STYLISTIC Q550/C。ペンありモデルが用意されるのが企業向けらしい | 法人向け端末としては、WindowsとIntel CPUの組み合わせが最適 | 法人向け端末の条件 |
タブレットはPCを置き換えるものではなく、操作の簡便性などで補うものと位置づけられている | タブレット端末の用途は広い。法人用途では金融/文教/ヘルスケアなどがターゲット | 今回のモデルはワールドワイドで提供される |
Q550/CのCPUはOak Trailとだけ発表されており、クロック数などは未公開。メモリはDDR2の2GB(最大2GB)。フラッシュメモリドライブは、暗号化機能付きで30GBと62GBが用意される。
液晶は10.1型1,280×800ドットで、ペンなしモデルは静電容量方式、ぺんありモデルは静電容量+電磁誘導方式のタッチパネルとなっている。ぺんありモデルのペンは専用品が付属する。

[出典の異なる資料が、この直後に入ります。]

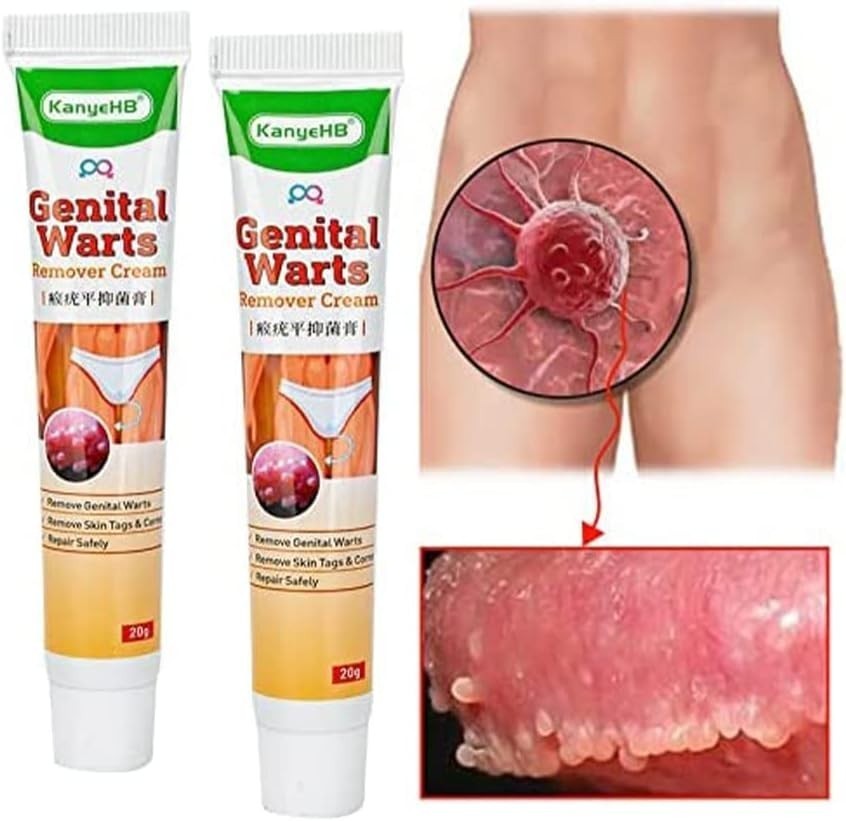 Crème Traitante Pour Herpès Génital Et Verrues - Acuminatum 20g - Neuf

インターフェイスは、IEEE 802.11a/b/g/n無線LAN、Bluetooth 3.0、USB 2.0×1、HDMI、SDカードスロット、音声入出力を備える。また、オプションで無線WANにも対応する。本体にはクレードルも付属し、充電のほかUSB 2.0×4のインターフェイスを備える。
本体サイズは275×193×16.2mm(幅×奥行き×高さ)、重量は約690gから。バッテリはリチウムポリマーで、標準のほか大容量タイプが用意される。大容量タイプ搭載時の重量は約840g。バッテリ駆動時間は標準で約5.5時間、大容量タイプは約10時間。
片手で実機を示しながら機能を説明 | 690gと最大10時間駆動が特徴。無線LANは802.11aにも対応している | セキュリティ用途のハードは充実している |
富士通はタブレットPCについて長い歴史を持っている | 富士通の持つPCビジネスの経験と実績がウリ | Windows 7が持つWindowsタッチに、らくらくパソコンなどで開発したタッチPCのノウハウを加えている |
発表会場では、日本マイクロソフトとインテル日本法人からのゲストも出席し、WindowsベースのスレートPCへの期待が感じられた。
日本マイクロソフト株式会社 代表執行役 社長 樋口泰行氏 | インテル株式会社 取締役 副社長 宗像義恵氏 | 「STYLISTIC Q550/C」を手に記念撮影 |
質疑応答では、Q550/Cの販売目標について、「日本国内でのWindowsベースタブレットPCの市場はゼロに等しい。富士通では、北米市場を中心にスレートPCを1991年から出荷しており、現在のシェアは2位で、今年は1位を目指している。ワールドワイド市場での使い方をお知らせし、市場が拡大していくように育てたい」と述べた。
また、企業向けはWindowsベースだが個人向けについても同じ方針かという問いに対し、「お客さまが望むものは用意する。ユーザーエクスペリエンスを重視すると、起動の遅さなどは弱点と認識している。企業市場向けでは運用の容易さやセキュリティが重視されるが、個人市場向けは重点が異なるし、自由度も高いので、最適なシステムを提供したい」と、かならずしもWindowsベースにこだわらない姿勢が示された。
発表会場で展示されていた実機は、690gという数字よりも軽く感じられた。特にどこかが重いというバランスの悪さがなく、スッと持てる感じだ。ただし、次世代とはいえAtomとWindows 7の組み合わせなので、動作速度はそれなりであまり速くない。また、やはり起動にはかなりの時間がかかる。液晶の視野角はペンの有無を問わず非常に広く、プレゼンテーション用途を重視していることが感じられた。